Please copy only the material from the line that has "Image de Condado Escape Updated & Spacious" to the very last line, both ends included, exactly as written and without pictures.

Source material >>
[Start of Attachment]

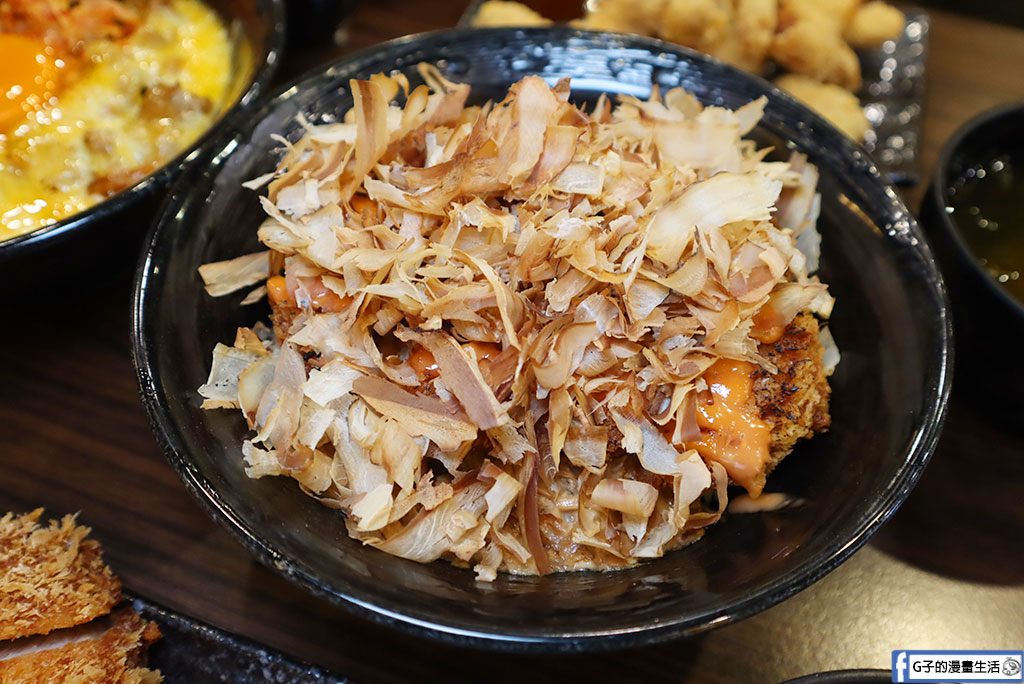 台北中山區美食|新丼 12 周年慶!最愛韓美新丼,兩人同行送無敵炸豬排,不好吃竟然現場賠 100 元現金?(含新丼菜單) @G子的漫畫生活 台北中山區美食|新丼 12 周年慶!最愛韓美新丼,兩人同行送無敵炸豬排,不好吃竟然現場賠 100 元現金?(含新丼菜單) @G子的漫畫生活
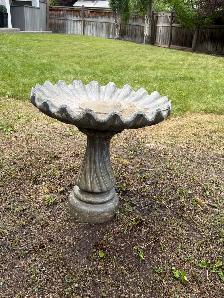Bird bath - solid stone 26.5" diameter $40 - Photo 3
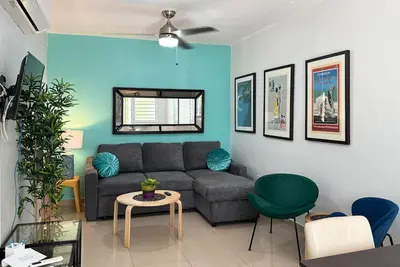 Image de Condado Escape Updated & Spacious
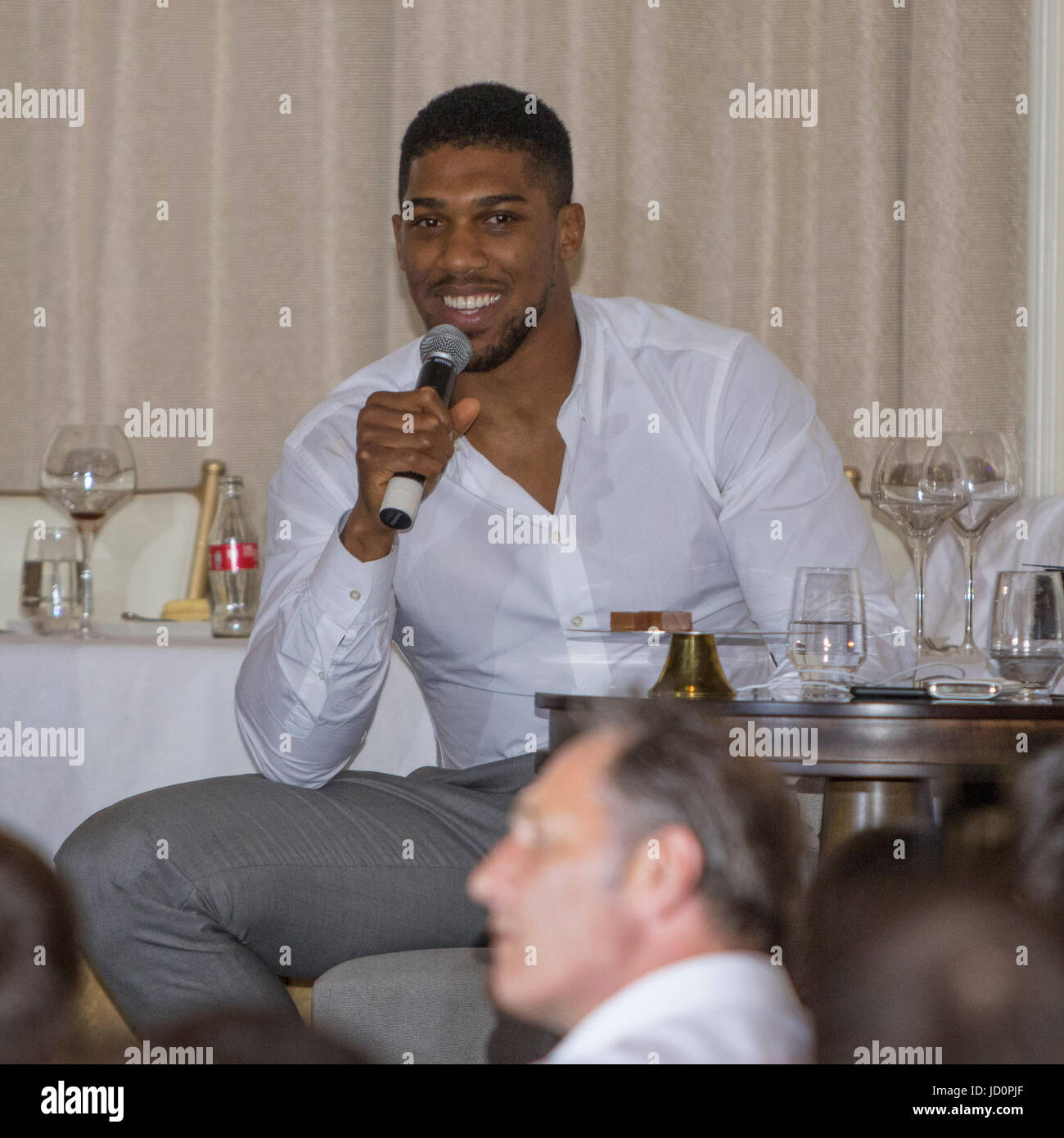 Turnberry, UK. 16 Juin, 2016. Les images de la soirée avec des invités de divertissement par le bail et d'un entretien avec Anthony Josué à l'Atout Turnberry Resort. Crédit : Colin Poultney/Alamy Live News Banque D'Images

[End of Attachment]

Written response >>
 Image de Condado Escape Updated & Spacious
 Turnberry, UK. 16 Juin, 2016. Les images de la soirée avec des invités de divertissement par le bail et d'un entretien avec Anthony Josué à l'Atout Turnberry Resort. Crédit : Colin Poultney/Alamy Live News Banque D'Images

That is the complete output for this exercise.